Imagine that you have just finished wrapping a present for a loved one. The gift is an expression of your feelings for this person. Now, what sense would it make to toss it in the garage to collect dust rather than actually giving it? William Arthur Ward once wrote: “Feeling gratitude and not expressing it is like wrapping a present and not giving it.”

One of the most lamentable tragedies in American society isn’t just the lack of gratitude felt, but the failure to express it. Indeed, by keeping our grateful feelings to ourselves, we deprive the people we love of that which they might need the most. Showing our thankfulness is one of the healthiest actions we can take, yet we often remain unaware of its significance.

Gratitude Breeds Happiness

 

What if someone told you that there was a way to make yourself happy at any moment during your everyday life? You might blow them off as some whacked-out snake oil salesman. But showing gratitude is one of the easiest ways to boost your mood and ward off stress and depression.

Those who created the above video above did a small study analyzing the impact on a person’s level of happiness. The participants were instructed to write about someone for whom they were grateful. Unbeknownst to them, they were also going to call that person and recite their letters.

The informal study revealed that the participants were happier after practicing gratitude than they were beforehand. But there have also been – and the video links to one – more formal studies.

Dr. Robert Emmons, a professor of psychology at the University of California, published a study in the Journal of Personality and Social Psychology examining the impact of thankfulness on happiness.

During the experiment, participants were divided into three separate groups. Each was instructed to keep daily journals on gratitude, annoyances, or neutral events. At the end of the ten-week study, those who were directed to write about events they appreciated reported that they had fewer physical symptoms and were more optimistic. The group who wrote about annoyances were noticeably less happy, and the neutral group stayed, well, neutral.

It is worth pointing out that while practicing gratitude will make you happier, it will also make those around you happier when you choose to express it.

Gratitude and Productivity

Gratitude has also proven to be an effective motivator for business owners and employees. Indeed, if you practice it on a regular basis, you can become more productive while getting others to do their best work as well. Emmons noted, “participants who kept gratitude lists were more likely to have made progress toward important personal goals (academic, interpersonal and health-based) over a two-month period compared to subjects in the other experimental conditions.”

Researchers at the Wharton School of the University of Pennsylvania conducted a study examining the impact of gratitude on work performance. They analyzed the performance of fund-raisers who are tasked with soliciting donations from alumni, dividing them into two groups. The first operated as usual – but the second group received a pep talk from their manager, who showed how thankful he was for the work they were doing. Over the course of a week, the fund-raisers who were shown appreciation performed 50% better than the others.

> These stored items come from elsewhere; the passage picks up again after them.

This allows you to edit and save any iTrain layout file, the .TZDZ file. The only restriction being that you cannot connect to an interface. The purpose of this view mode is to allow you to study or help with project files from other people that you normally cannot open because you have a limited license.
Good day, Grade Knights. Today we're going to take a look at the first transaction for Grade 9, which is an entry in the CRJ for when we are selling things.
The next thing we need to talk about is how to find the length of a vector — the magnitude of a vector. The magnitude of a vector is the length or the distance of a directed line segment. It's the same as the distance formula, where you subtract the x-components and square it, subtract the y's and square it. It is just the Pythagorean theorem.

When workers are shown gratitude, they are more likely to strive to be more productive, knowing that their effort is appreciated. This sounds like common sense, right? But how many bosses have you had that put gratitude into action with those who work under them? Exactly. If you are a leader, a few words of thanks will help you motivate your employees more effectively.

Health Benefits of Gratitude

Studies have shown that those who live a life of gratitude tend to take better care of themselves while adopting healthy habits. It has been shown that gratefulness can:

  • Improve your immune system
  • Reduce depression
  • Make you mentally tougher
  • Help you get better sleep.

When you’re thankful, you are better equipped to deal with stress and negative events that occur in your life. It does not eliminate negative emotions, but it helps you handle them in a healthier way.

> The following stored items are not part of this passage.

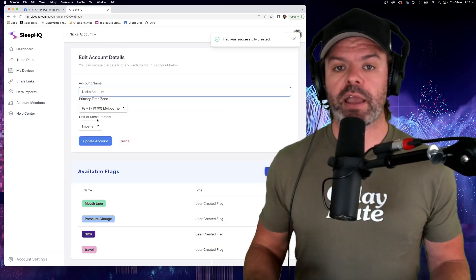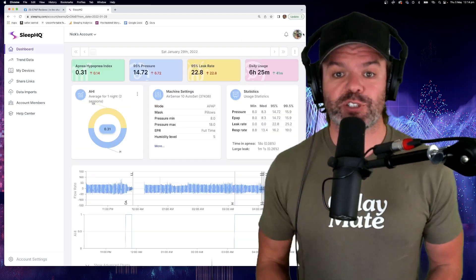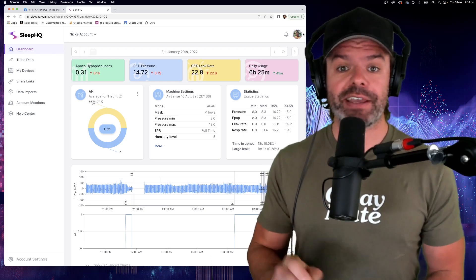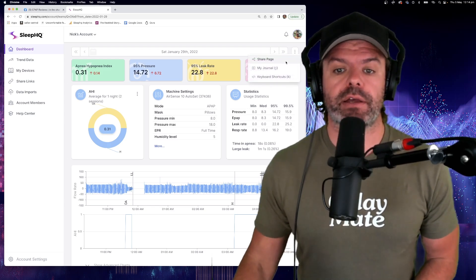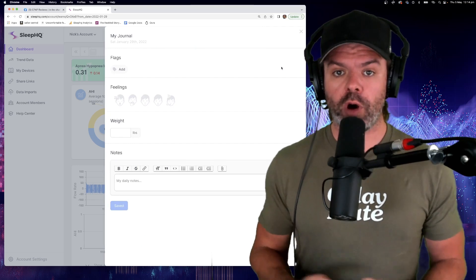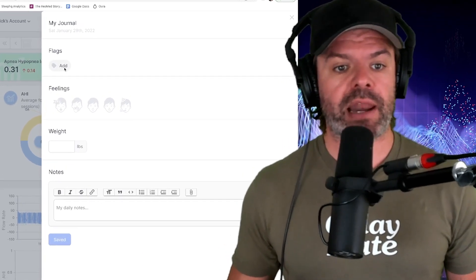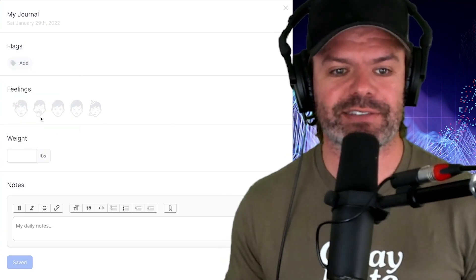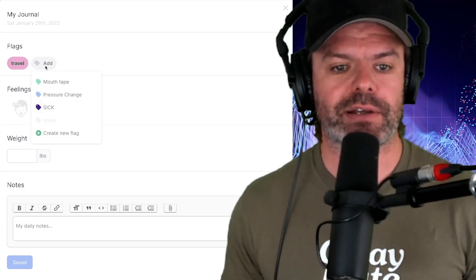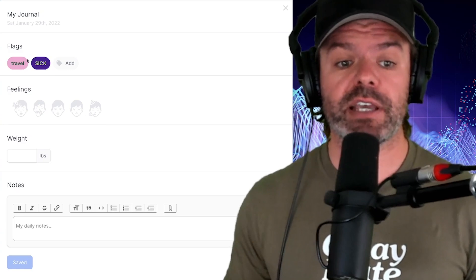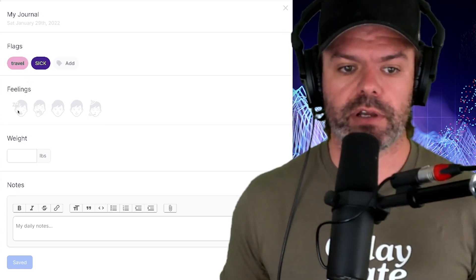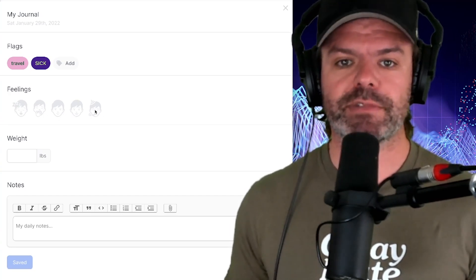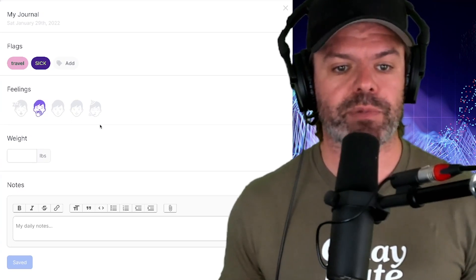Now once I've created a flag, I can now use that and add it to my therapy data and I'll show you that. So to bring up the Sleep Journal, we can simply hit J on our keyboard or we can click the three dots up here on the right-hand side and click my journal. And then the journal will pop in from the side. Now up the top here, we can add our flags. So let's put in the travel flag. All right. And we might put in another one. I was feeling sick. So I've put in two flags here. I can also put how I was feeling on the day. So we've got exhausted, tired, normal, good, energetic. So I was feeling very sleepy on that particular day.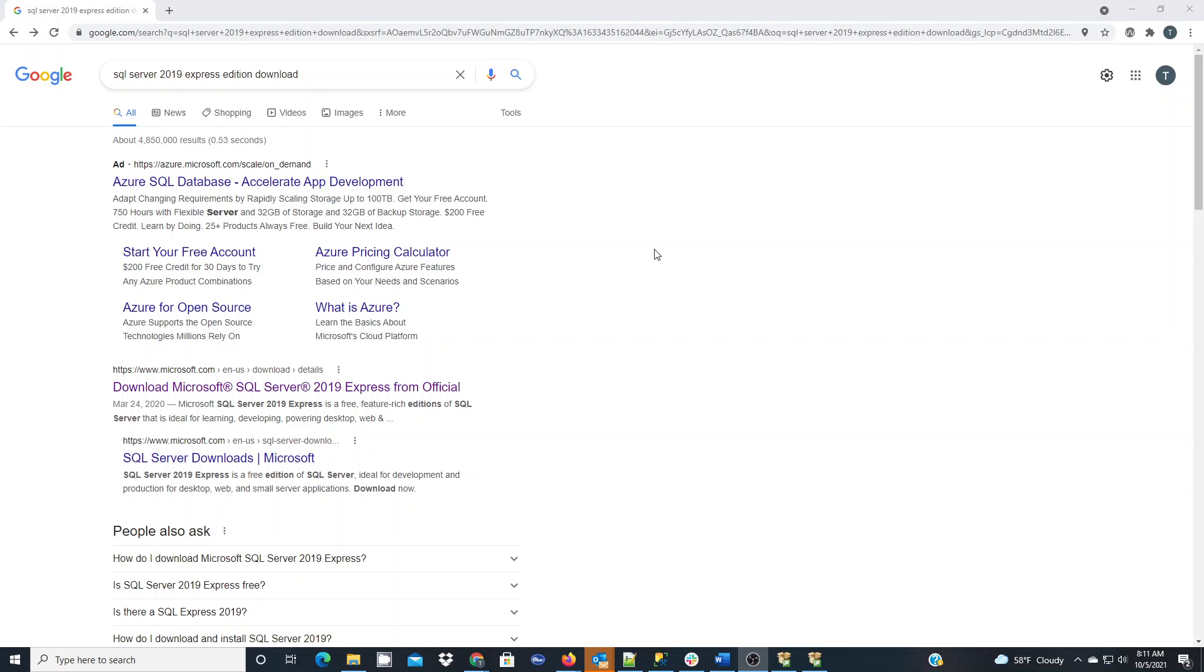This brief tutorial discusses getting set up to use SQL Server 2019 Express along with SQL Server Management Studio. The one trick with Microsoft products is they tend to change their websites frequently and their links for downloading their software.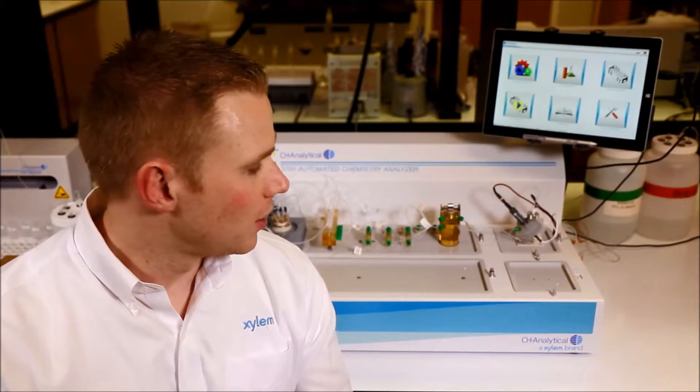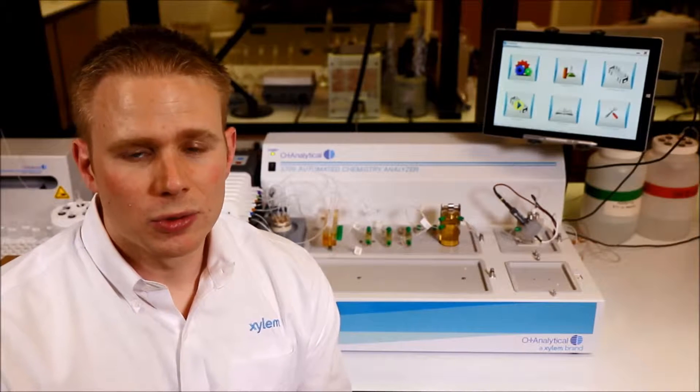OI has been really the leader in cyanide analysis for the last 20 years and this is our latest generation of instrument really designed to focus on user experience and making instrumentation like this simple to use.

One study examined Vietnam veterans suffering from post-traumatic stress disorder (PTSD). One group was told to keep a gratitude journal while the other was not. Not surprisingly, the diary-keeping vets deal

t with their symptoms far better than those who did not.

How to Practice Gratitude

Now that you understand the positive effects of gratitude, it is essential that you know how to put it into action. Fortunately, this is not at all difficult. Many people keep a gratitude journal. They write three to five things for which they are grateful at the beginning or end of their day. Engaging in this routine can bring incredible benefits to your everyday life, but if you truly want to experience the life-changing nature of Thanksgiving, you might want to go further than just writing about it.

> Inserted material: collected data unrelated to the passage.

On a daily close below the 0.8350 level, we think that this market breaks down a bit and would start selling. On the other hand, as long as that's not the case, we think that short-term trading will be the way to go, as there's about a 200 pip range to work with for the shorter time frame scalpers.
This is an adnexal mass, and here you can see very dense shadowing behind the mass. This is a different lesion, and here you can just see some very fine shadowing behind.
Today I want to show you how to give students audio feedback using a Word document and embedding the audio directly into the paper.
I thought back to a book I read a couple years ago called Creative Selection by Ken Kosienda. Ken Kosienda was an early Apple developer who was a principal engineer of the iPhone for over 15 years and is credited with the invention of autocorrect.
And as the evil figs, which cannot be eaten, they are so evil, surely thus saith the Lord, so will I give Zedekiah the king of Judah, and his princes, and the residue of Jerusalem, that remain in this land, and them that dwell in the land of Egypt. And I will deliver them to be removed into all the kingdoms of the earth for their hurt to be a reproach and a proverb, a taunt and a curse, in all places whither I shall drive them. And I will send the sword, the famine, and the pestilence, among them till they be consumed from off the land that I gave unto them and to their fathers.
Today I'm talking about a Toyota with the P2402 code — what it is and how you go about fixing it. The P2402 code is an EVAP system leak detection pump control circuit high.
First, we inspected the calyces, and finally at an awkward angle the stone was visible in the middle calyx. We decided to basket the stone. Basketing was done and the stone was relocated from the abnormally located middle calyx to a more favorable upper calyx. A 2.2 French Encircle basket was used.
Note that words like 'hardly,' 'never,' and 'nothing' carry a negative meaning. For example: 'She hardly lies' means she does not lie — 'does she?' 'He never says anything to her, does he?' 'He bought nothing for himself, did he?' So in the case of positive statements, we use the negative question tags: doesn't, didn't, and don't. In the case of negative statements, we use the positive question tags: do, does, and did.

The true power of gratitude comes from expressing it to the people who have positively affected your life. Put simply; there isn’t much that will feed your soul more than telling someone how they made a difference in your life.

Science has demonstrated that gratitude makes you happier, healthier, and more productive. When you embrace this practice, you reap tremendous rewards in your personal, professional, and spiritual life, and — just as importantly — you become a blessing to others.